*What is required*
Please repeat exactly the lines below from the line with "Hey, it's Dr." to the line with "With one rope, the", including both, and leave out every picture.

*Exercise inputs*
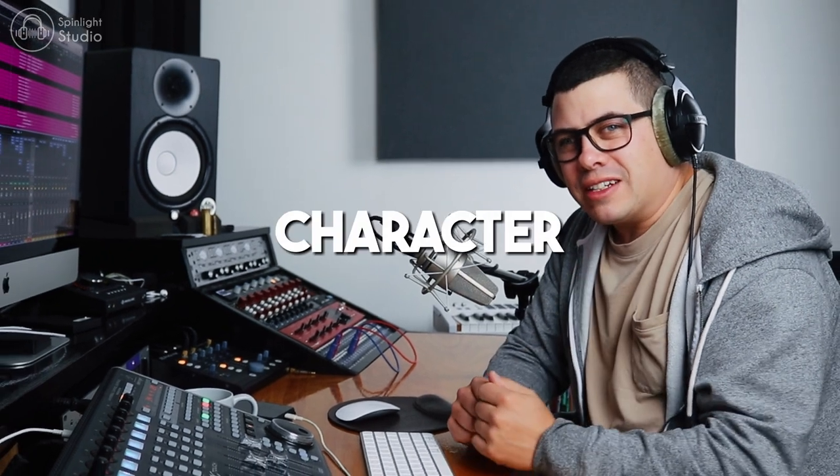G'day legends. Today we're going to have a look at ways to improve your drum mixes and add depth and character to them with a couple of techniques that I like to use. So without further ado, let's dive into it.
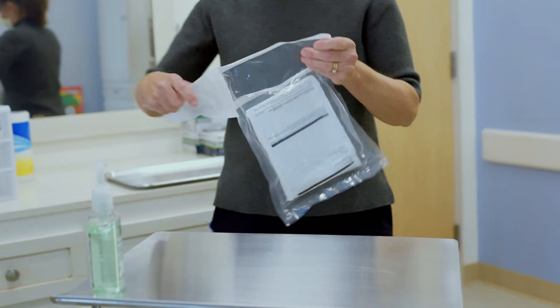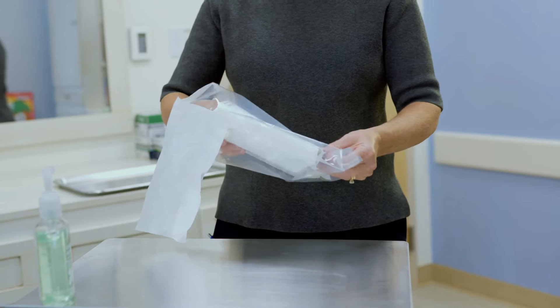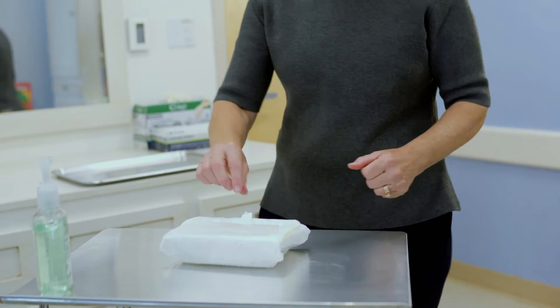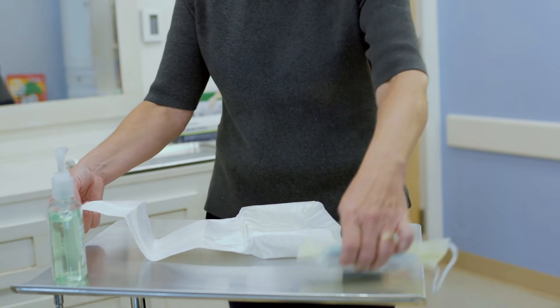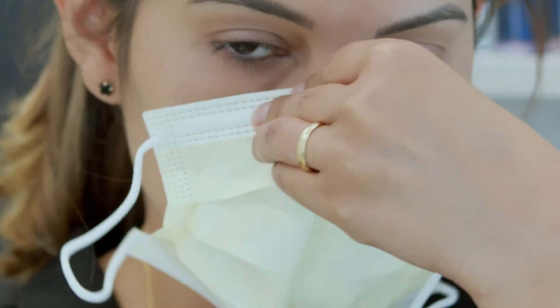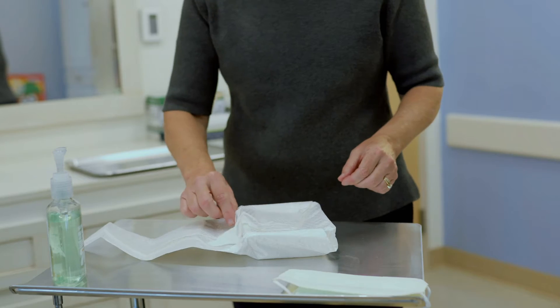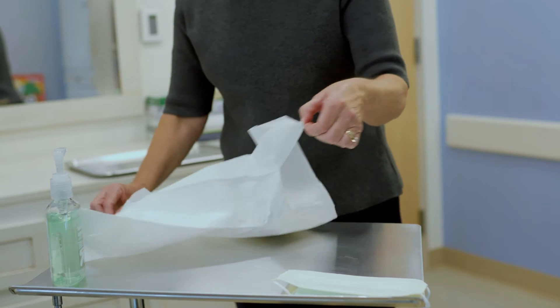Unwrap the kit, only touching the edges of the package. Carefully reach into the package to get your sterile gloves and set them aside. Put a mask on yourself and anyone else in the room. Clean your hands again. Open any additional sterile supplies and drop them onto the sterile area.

--

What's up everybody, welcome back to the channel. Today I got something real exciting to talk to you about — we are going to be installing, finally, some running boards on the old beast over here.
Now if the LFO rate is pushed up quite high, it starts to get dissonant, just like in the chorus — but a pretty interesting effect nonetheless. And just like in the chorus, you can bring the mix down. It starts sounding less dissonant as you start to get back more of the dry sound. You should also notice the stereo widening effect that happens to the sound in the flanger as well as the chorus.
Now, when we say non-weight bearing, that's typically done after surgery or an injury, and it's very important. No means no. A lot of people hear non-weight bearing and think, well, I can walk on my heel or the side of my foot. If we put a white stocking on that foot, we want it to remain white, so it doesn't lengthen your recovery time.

==

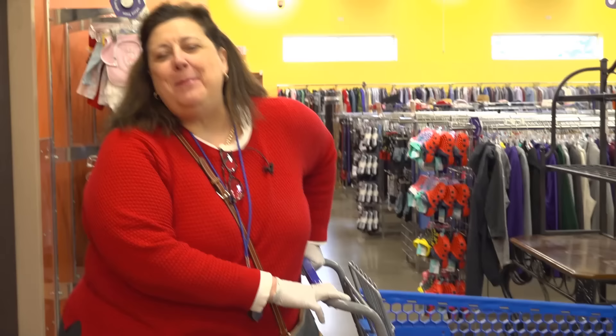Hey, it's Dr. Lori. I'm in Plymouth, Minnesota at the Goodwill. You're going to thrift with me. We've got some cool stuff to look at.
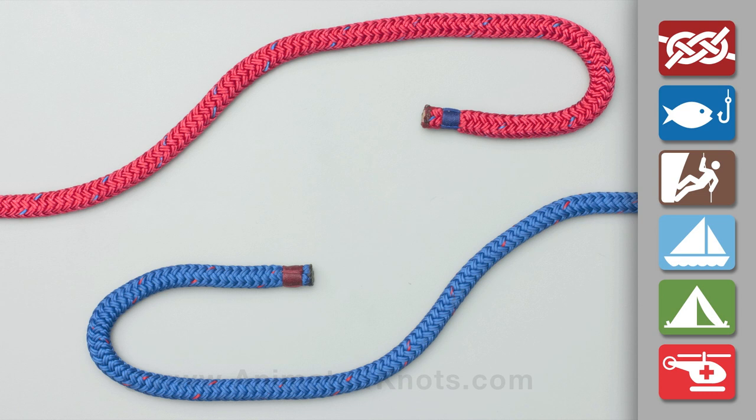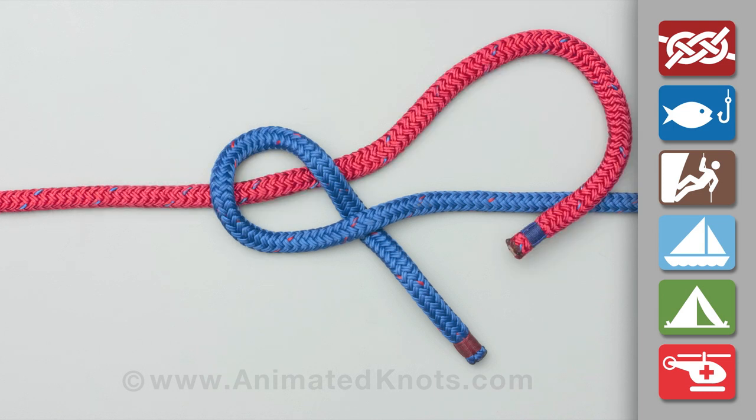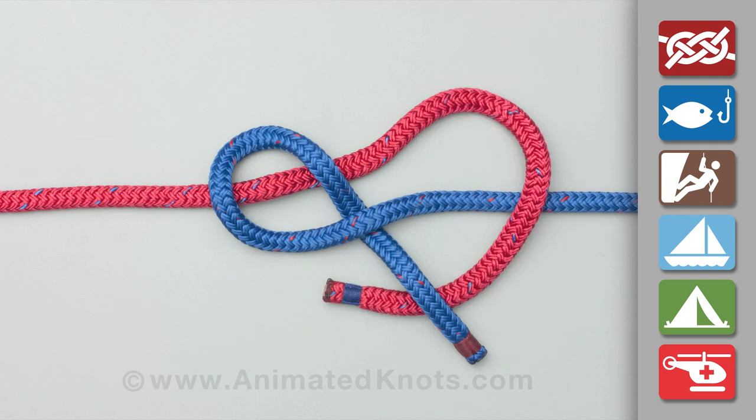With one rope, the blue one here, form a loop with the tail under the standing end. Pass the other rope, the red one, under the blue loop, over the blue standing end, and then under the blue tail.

*Task answer*
Hey, it's Dr. Lori. I'm in Plymouth, Minnesota at the Goodwill. You're going to thrift with me. We've got some cool stuff to look at.
With one rope, the blue one here, form a loop with the tail under the standing end. Pass the other rope, the red one, under the blue loop, over the blue standing end, and then under the blue tail.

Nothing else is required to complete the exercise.